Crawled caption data

____________________

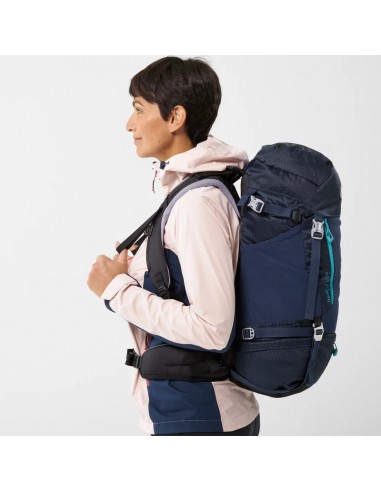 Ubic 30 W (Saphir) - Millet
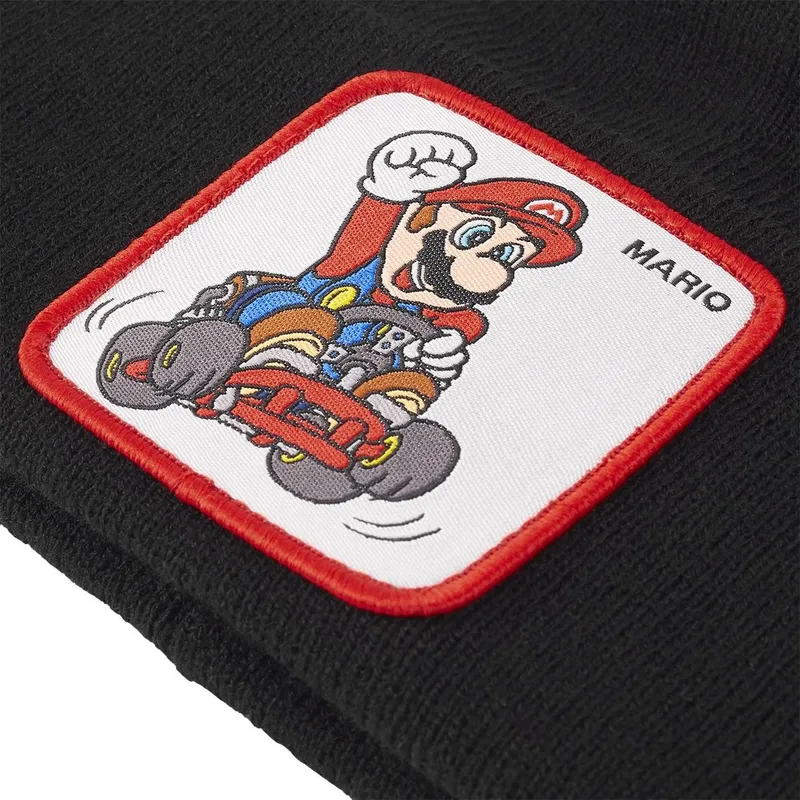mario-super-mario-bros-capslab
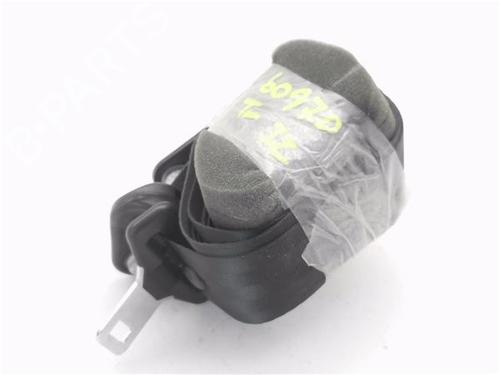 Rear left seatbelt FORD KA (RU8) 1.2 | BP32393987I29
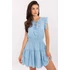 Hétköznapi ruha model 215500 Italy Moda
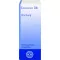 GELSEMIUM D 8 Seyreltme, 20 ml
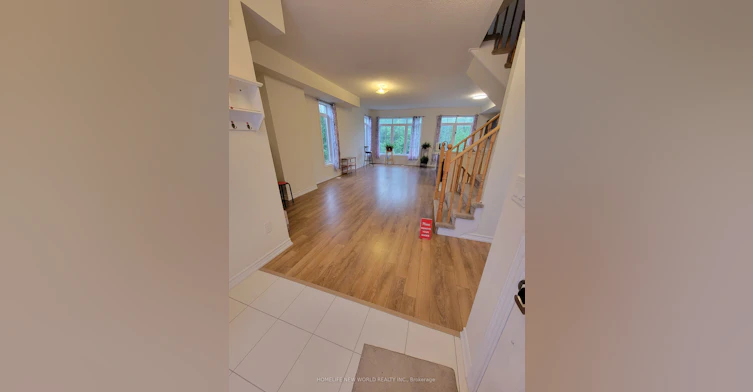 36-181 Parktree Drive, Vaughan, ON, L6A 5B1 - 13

____________________

• _TASK TO CARRY OUT_:
The required output is the line containing "GELSEMIUM D 8 Seyreltme, 20 ml" plus every line after it to the end of the data, copied exactly and with no pictures.

• _YOUR SOLUTION_:
 GELSEMIUM D 8 Seyreltme, 20 ml
 36-181 Parktree Drive, Vaughan, ON, L6A 5B1 - 13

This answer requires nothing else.